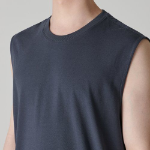 [Cooltandard] Relaxed Sleeveless Top — Iron Gray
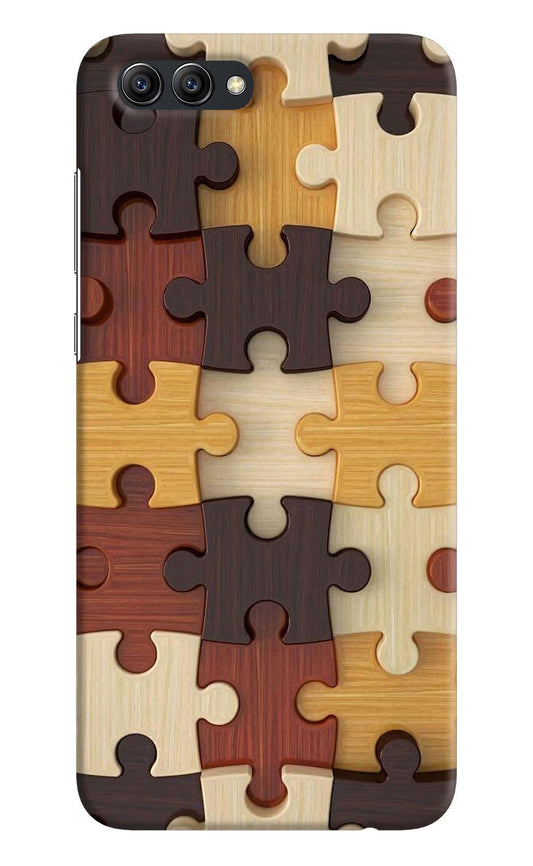 Wooden Puzzle Honor View 10 Hard Case Back Cover by Casekaro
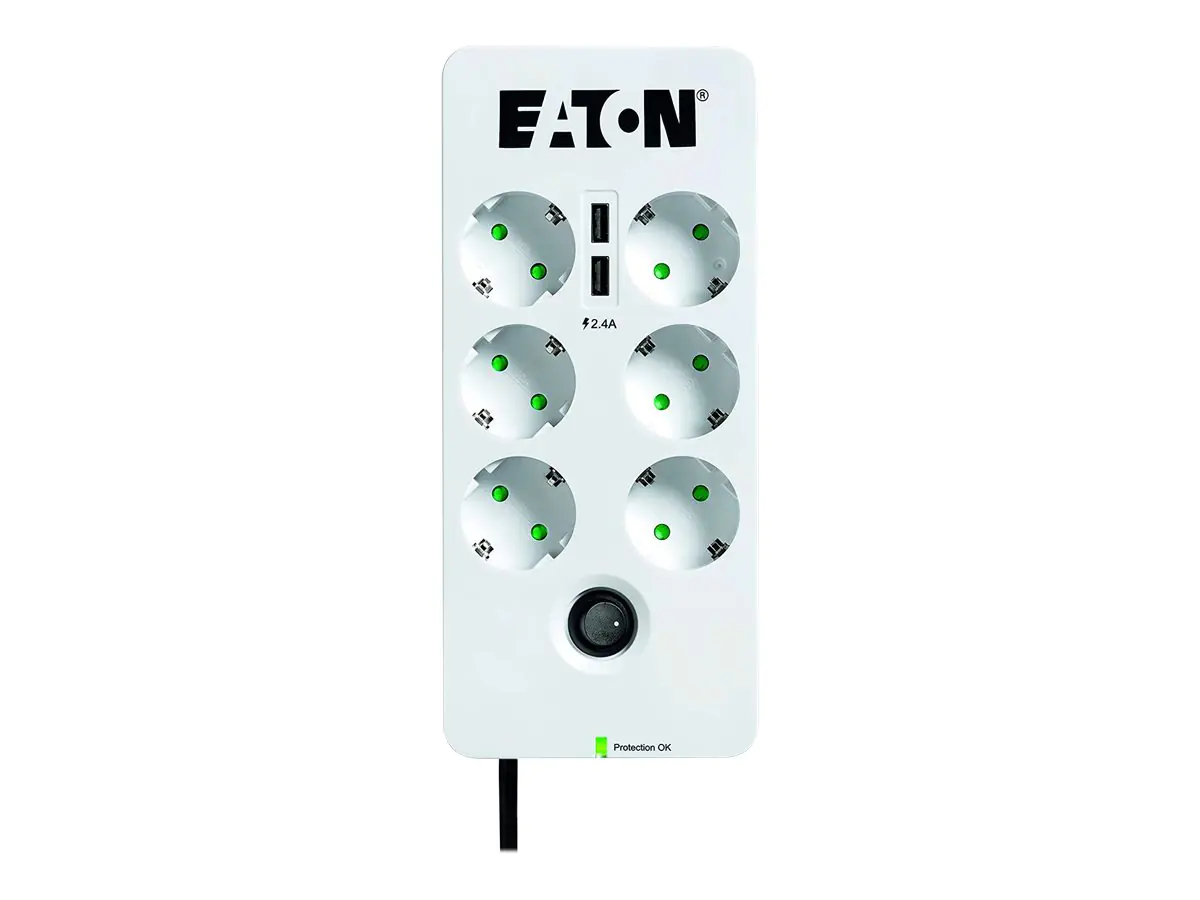 Eaton Protection Box 6 USB DIN - Überspannungsschutz PB6UD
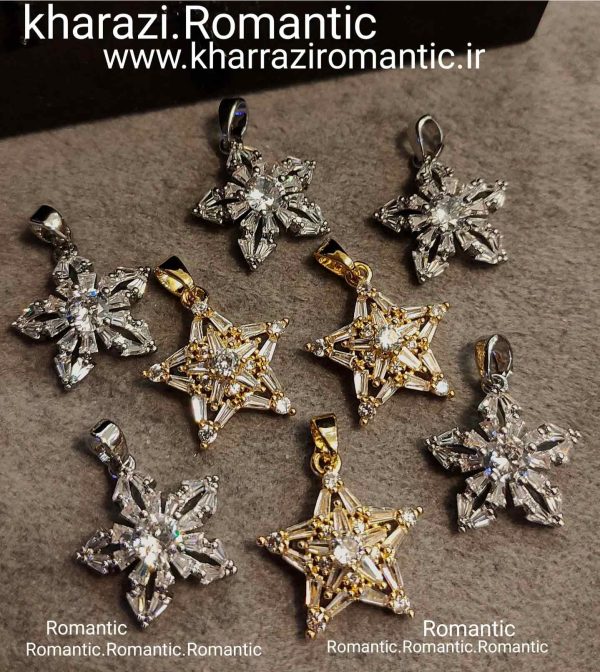 آویز استیل ستاره نگین دار - Image 1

::::::

Requirement: The expected result is the material restated word for word, minus any picture.

Answer box:
 [Cooltandard] Relaxed Sleeveless Top — Iron Gray
 Wooden Puzzle Honor View 10 Hard Case Back Cover by Casekaro
 Eaton Protection Box 6 USB DIN - Überspannungsschutz PB6UD
 آویز استیل ستاره نگین دار - Image 1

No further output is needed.